Sur la demande principale :
Aux termes de l’article 1353 du Code civil :
« Celui qui réclame l’exécution d’une obligation doit la prouver. Réciproquement, celui qui se prétend libéré doit justifier le paiement ou le fait qui a produit l’extinction de son obligation ».
Qu’aux termes de l’article 9 du Code de procédure civile : « Il incombe à chaque partie de prouver conformément à la loi les faits nécessaires au succès de sa prétention ».
Les parties ont régulièrement signé un contrat de licence définissant leurs obligations contractuelles ;
En application de ce contrat, ELEC a signé le procès-verbal de conformité et de réception du site sans « restriction ni réserve » en juin 2021 prévoyant un paiement mensuel des prestations fournies par FUTUR ;
ELEC a cessé d’honorer le paiement desdites mensualités à compter de fin 2022 ;
Il n’est pas contesté qu’ELEC ne fournit aucun élément d’échange avec FUTUR, réactions, remarques ou réserves, de la mise en place du site en juin 2021 jusqu’à la fin du règlement des mensualités en novembre 2022, et qu’ensuite elle est restée taisante à toutes les demandes, relances et mise en demeure de FUTUR ;
Qu’elle a attendu que l’affaire soit portée devant le Tribunal de céans pour élever des réserves sur la liste des mots-clefs et ceci dans ses conclusions du 09/01/2025, soit deux ans et demi après la signature du contrat et après un an de prestations dudit contrat ;
ELEC évoque le défaut de résultats et de moyens pour justifier le fait qu’elle a décidé de cesser de régler les mensualités ;
L’article 10 du contrat précise que l’engagement de FUTUR ne comporte pas d’objectif de résultats « … le référencement n’est pas lié à une obligation de résultat » , mais uniquement de moyens ;
Sur ce dernier point, ELEC ne présente à l’appui de ses prétentions qu’une capture d’écran d’un site d’analyse générale de trafic internet, dont elle ne parvient pas à expliquer le sens ni le lien avec l’affaire en cours et ainsi n’apporte pas la preuve que FUTUR aurait manqué à ses obligations de moyens ;
FUTUR dans ses écritures apporte la preuve qu’elle a exécuté ses obligations contractuelles ; Conformément aux dispositions du contrat signé entre les parties, la créance de FUTUR sur ELEC, composée des loyers échus et à échoir ainsi que la clause pénale et les intérêts de retard, est donc réelle liquide et exigible ;
En conséquence :
Le Tribunal condamnera ELEC à payer à FUTUR la somme de 7 378,80€ TTC avec intérêts au taux légal à compter du 10/08/2023, date de la mise en demeure, et déboutera ELEC de l’ensemble de ses demandes.

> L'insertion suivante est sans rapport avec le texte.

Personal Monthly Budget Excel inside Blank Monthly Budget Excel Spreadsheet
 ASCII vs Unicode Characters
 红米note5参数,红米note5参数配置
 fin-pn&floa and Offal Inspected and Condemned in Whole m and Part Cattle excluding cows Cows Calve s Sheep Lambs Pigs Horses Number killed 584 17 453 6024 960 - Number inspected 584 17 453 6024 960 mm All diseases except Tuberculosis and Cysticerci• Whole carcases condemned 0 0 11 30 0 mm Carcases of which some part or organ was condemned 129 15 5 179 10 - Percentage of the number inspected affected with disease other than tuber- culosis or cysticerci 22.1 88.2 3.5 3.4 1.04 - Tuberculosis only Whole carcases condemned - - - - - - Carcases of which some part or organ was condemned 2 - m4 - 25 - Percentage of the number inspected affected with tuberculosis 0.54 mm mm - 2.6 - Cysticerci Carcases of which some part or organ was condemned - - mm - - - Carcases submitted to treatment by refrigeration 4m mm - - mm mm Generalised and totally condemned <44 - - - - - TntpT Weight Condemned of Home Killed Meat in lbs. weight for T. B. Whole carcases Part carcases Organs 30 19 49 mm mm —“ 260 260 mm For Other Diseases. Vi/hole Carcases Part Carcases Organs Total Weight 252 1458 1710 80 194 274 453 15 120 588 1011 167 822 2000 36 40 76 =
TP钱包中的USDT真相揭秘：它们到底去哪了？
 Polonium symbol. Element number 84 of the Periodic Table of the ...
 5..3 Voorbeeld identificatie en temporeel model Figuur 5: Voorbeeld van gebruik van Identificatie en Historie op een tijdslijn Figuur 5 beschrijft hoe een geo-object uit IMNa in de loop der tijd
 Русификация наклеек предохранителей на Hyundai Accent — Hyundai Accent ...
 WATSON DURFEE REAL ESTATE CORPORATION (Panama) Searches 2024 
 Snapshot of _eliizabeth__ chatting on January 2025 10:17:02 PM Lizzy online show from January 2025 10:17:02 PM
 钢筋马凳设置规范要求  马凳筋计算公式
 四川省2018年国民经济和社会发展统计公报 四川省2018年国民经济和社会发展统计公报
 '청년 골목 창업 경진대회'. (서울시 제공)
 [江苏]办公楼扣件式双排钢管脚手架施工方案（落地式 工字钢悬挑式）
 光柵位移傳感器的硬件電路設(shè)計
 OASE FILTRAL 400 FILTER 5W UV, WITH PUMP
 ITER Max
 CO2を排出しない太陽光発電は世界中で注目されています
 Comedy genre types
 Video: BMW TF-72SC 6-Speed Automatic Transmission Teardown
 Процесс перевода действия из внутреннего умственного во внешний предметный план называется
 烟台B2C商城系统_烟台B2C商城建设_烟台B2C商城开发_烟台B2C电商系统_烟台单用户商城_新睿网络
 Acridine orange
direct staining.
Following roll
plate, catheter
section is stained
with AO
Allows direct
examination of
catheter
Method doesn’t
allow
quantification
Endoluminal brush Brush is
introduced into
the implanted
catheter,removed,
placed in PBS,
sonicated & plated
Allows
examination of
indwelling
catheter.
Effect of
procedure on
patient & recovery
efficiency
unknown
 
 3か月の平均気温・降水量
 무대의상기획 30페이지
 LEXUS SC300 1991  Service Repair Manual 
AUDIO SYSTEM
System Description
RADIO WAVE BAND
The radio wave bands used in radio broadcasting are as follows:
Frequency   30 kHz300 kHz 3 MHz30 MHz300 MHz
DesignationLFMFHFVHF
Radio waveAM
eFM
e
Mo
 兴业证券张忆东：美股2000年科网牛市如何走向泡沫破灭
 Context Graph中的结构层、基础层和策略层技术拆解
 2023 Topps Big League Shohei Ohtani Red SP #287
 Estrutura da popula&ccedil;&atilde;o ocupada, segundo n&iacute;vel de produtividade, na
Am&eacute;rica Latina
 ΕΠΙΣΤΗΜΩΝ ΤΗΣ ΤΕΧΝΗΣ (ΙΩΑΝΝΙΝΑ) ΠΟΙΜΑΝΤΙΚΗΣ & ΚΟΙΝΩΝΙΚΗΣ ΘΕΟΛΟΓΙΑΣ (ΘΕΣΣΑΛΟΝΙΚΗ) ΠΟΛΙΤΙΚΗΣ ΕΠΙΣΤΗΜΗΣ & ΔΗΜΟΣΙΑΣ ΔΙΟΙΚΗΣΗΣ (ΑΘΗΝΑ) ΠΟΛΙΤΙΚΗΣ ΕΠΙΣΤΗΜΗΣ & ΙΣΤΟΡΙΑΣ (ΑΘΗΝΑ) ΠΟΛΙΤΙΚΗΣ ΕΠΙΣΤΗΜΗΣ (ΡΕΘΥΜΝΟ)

Sur la demande au titre de l’article 700 du Code de procédure civile.
Attendu que ELEC est la partie qui succombe dans la présente instance, Qu’elle a obligé FUTUR à exposer des frais non compris dans les dépens pour faire valoir ses droits ;
Le Tribunal dira disposer d’éléments suffisants pour faire droit à la demande de FUTUR et condamnera ELEC à verser à FUTUR la somme de 1 000€ au titre de l’article 700 du Code de procédure.
Sur les dépens
Attendu que ELEC est la partie qui succombe dans la présente instance,
Le Tribunal la condamnera aux dépens de la présente instance.
PAR CES MOTIFS
Le Tribunal après en avoir délibéré, statuant par jugement contradictoire en premier ressort par mise à disposition au greffe.
Dit recevable l’opposition formée par la SAS KN ELEC.
Dit que le présent jugement se substitue à l’ordonnance n° IP 2023I08952 prononcée le 01/03/2024 par le Tribunal de commerce de céans.
Condamne la SAS KN ELEC à payer à la SAS FUTUR DIGITAL la somme de 7 378,80€ TTC avec intérêts au taux légal à compter du 10/08/2023.
Condamne la SAS KN ELEC à payer à la SAS FUTUR DIGITAL la somme de 1 000 € au titre de l’article 700 du code de procédure civile
Condamne la SAS KN ELEC aux entiers dépens
Liquide les dépens à recouvrer par le Greffe à la somme de 104,88 euros TTC (dont 17,26 euros de TVA).
La Minute est signée électroniquement par M. Dominique MONVOISIN, Président et par M. Edouard GRARDEL Commis Assermenté.